Depending on your condition, they may also:
- Take tissue samples
- Remove scar tissue
- Repair your uterus
- Remove your ovaries
The uterus is removed during a hysterectomy. Your doctor may potentially remove one or both ovaries as well as the fallopian tubes. Other components of the reproductive system may be removed in some situations.
The following are the several forms of hysterectomy:
- Total hysterectomy. The whole uterus, including the cervix, is removed, but the fallopian tubes and ovaries are not. It is the most often performed type of hysterectomy.
- Salpingo-oophorectomy and hysterectomy. Your doctor will remove one or both ovaries, as well as the fallopian tubes and uterus.
- Radical hysterectomy. Your provider removes the uterus, cervix, and the top part of the vagina. The pelvic lymph nodes may also be removed. Some cases of cancer call for this surgery.
- Supracervical hysterectomy (partial or subtotal hysterectomy). Your provider removes the body of the uterus while leaving the cervix whole.
Hysterectomy techniques include:
- Abdominal hysterectomy. Your doctor creates a huge incision in your abdomen and removes the uterus. When the uterus is big or illness has spread to the pelvic cavity, such as in endometriosis or cancer, they utilize this procedure to remove the fallopian tubes. The incision can be done from the navel to the pubic bone, or it can be made along the top of the pubic hairline.
- Vaginal hysterectomy. The uterus is removed through the vaginal orifice using this procedure. It's most commonly utilized to treat uterine prolapse or vaginal repairs. There will be no need for an incision. This indicates that there is no apparent scarring.
- Laparoscopic-assisted hysterectomy. This approach is performed by your physician using a laparoscope, which is a thin, flexible tube equipped with a video camera. They introduce small tubes into the abdomen using tiny incisions near the navel. The uterus is removed in pieces through the laparoscope tube or through the vagina. A robot is used to aid in a type of laparoscopic hysterectomy.
Your healthcare provider will decide the best method based on your situation. If you have not yet reached menopause, having a hysterectomy means you will no longer have a period. You will also not be able to get pregnant.
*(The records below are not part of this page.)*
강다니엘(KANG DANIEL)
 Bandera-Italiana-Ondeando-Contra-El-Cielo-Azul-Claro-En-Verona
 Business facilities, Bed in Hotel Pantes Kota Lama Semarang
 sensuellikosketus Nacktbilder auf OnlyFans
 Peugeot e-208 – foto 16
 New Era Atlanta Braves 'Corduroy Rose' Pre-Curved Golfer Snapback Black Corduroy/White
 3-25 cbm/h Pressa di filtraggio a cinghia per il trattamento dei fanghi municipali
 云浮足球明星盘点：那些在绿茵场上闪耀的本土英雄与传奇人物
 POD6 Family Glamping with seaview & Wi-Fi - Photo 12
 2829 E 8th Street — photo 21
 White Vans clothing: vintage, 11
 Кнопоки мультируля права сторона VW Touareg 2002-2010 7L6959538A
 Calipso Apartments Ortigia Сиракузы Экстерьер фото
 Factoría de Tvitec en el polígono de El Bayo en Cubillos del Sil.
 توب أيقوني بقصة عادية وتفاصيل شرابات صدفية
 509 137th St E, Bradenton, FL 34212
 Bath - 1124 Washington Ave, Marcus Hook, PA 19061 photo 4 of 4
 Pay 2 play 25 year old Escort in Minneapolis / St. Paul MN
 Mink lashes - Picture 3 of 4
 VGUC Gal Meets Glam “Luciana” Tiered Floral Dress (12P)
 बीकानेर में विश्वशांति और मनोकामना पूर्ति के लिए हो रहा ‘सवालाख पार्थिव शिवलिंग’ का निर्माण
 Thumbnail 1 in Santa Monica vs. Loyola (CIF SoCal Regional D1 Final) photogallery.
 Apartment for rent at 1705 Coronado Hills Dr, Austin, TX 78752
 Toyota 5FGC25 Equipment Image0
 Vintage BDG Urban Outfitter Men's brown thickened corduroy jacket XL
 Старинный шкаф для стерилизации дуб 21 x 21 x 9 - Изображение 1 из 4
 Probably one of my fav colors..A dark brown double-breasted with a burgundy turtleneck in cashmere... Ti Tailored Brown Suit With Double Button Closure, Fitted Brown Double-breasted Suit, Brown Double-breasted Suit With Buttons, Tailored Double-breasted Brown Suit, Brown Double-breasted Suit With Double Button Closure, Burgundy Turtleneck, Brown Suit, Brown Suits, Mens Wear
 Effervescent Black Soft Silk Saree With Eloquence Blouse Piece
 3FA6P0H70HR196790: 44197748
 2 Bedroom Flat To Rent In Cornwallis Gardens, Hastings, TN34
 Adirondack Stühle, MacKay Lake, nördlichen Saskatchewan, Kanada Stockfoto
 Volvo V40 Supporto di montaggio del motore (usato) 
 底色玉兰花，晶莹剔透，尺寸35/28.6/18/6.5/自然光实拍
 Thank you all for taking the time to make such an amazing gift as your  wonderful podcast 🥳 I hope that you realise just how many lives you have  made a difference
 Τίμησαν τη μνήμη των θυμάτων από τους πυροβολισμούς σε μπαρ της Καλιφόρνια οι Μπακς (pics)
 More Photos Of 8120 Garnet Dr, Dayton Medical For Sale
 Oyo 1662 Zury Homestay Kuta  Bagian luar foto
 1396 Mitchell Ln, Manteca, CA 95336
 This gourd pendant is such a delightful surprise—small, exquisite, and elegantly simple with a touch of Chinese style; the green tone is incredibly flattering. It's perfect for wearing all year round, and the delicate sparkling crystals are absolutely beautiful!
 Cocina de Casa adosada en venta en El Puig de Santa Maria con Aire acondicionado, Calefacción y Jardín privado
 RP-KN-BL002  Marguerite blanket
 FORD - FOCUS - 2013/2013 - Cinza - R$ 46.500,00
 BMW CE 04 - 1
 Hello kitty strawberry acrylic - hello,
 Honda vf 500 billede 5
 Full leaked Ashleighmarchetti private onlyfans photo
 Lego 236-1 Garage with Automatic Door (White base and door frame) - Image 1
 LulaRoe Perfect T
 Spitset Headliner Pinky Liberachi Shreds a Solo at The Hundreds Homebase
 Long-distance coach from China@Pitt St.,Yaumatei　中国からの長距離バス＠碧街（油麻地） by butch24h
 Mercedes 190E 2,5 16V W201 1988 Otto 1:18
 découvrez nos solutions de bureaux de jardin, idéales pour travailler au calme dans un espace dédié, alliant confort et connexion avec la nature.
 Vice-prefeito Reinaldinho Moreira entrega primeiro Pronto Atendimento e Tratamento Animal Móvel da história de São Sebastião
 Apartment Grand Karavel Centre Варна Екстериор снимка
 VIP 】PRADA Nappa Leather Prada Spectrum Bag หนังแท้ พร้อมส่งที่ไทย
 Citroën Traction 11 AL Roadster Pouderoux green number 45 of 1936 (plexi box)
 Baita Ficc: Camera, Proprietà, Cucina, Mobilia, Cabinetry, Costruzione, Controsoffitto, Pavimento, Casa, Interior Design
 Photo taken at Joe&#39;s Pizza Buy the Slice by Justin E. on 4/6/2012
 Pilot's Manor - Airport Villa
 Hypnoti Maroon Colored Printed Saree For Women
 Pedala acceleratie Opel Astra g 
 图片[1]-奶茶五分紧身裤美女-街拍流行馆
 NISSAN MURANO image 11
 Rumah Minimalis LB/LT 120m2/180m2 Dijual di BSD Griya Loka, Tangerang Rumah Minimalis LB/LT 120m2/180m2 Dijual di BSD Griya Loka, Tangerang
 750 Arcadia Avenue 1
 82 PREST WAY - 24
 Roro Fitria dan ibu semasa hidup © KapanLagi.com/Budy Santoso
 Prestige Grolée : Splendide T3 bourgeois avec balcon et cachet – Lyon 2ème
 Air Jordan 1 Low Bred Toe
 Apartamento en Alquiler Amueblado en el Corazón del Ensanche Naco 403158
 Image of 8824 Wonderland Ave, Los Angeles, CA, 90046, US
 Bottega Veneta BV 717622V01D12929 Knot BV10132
What are the Risks & Side Effects?
Every surgery has risks. Risks and complications of gynecological surgery depend on the type of procedure. These include:
- Major bleeding
- Uterine perforation or damage to the wall of the uterus, which can cause bleeding at the time of surgery or after surgery
- Damage to a nearby part of the body like the bowel because the parts of a woman’s reproductive system are very close to other organs
- Urinary tract (kidney or bladder) infection
- Damage to the urinary tract, which can cause incontinence
- Temporary difficulty with going to the bathroom
- Pain with sexual intercourse
- Allergic reaction to anesthesia
- Blood clot
- Nausea and vomiting after surgery
- Belly pain and pressure after surgery
A gynecologist is a doctor who specializes in female reproductive health. They diagnose and treat female reproductive tract problems. This comprises the uterus, fallopian tubes, ovaries, and breasts.
Gynecologists provide reproductive and sexual health treatments such as pelvic examinations, Pap tests, cancer screenings, and diagnosis and treatment for vaginal infections.
They detect and treat reproductive system diseases such as endometriosis, infertility, ovarian cysts, and pelvic discomfort. They may also treat patients with ovarian, cervical, and other reproductive malignancies.